In 2008, Mr. Westergaard gained the Sappho Award from the Free Press Society of Denmark. In 2010, he obtained the M100 Media Award from Chancellor Angela Merkel of Germany for his contributions to freedom of opinion.

“I want to be remembered as the one who struck a blow for free speech,” he as soon as mentioned. “But there is no doubt that others will instead remember me as a Satan who insulted the religion of a billion people.”

Mr. Westergaard and his spouse lived beneath tight safety after the authorities foiled the primary assassination try in opposition to him in 2006, though it was troublesome to cover a person so typically nattily attired in purple trousers, a broad-brimmed black hat and giraffe-headed strolling stick.

He selected to dwell overtly in Aarhus in recent times.

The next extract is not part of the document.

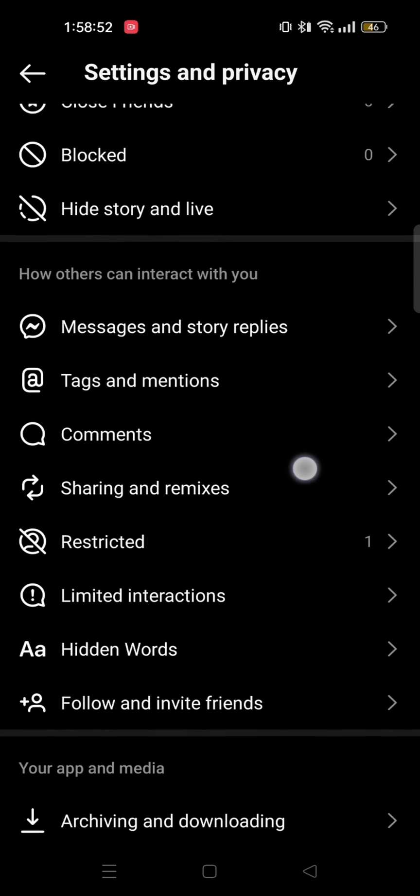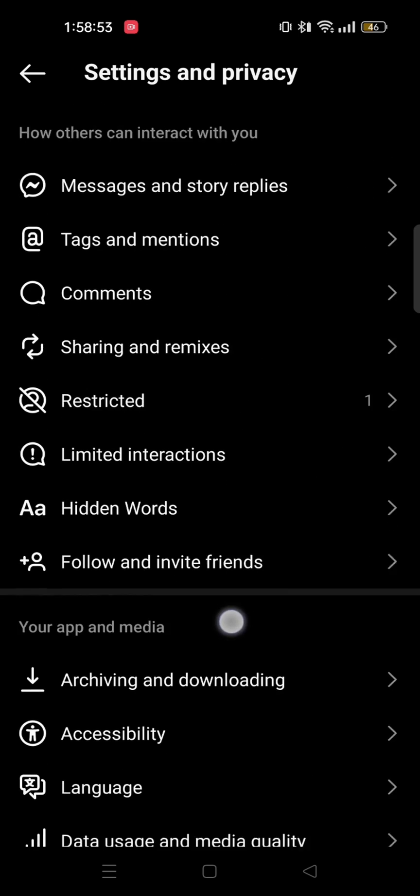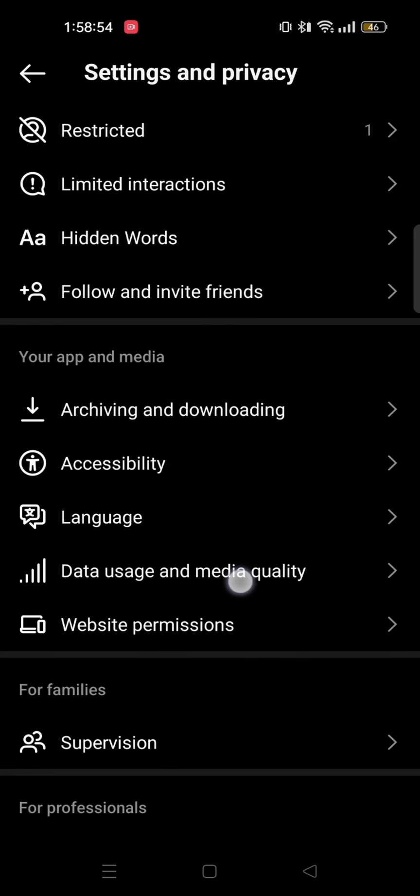Now scroll down to the bottom and go to Your App and Media. Then go to Archiving and Downloading.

“I do not see myself as a particularly brave man,” he instructed The Guardian in 2010, including: “But in this situation I got angry. It is not right that you are threatened in your own country just for doing your job. That’s an absurdity that I have actually benefited from, because it grants me a certain defiance and stubbornness. I won’t stand for it. And that really reduces the fear a great deal.”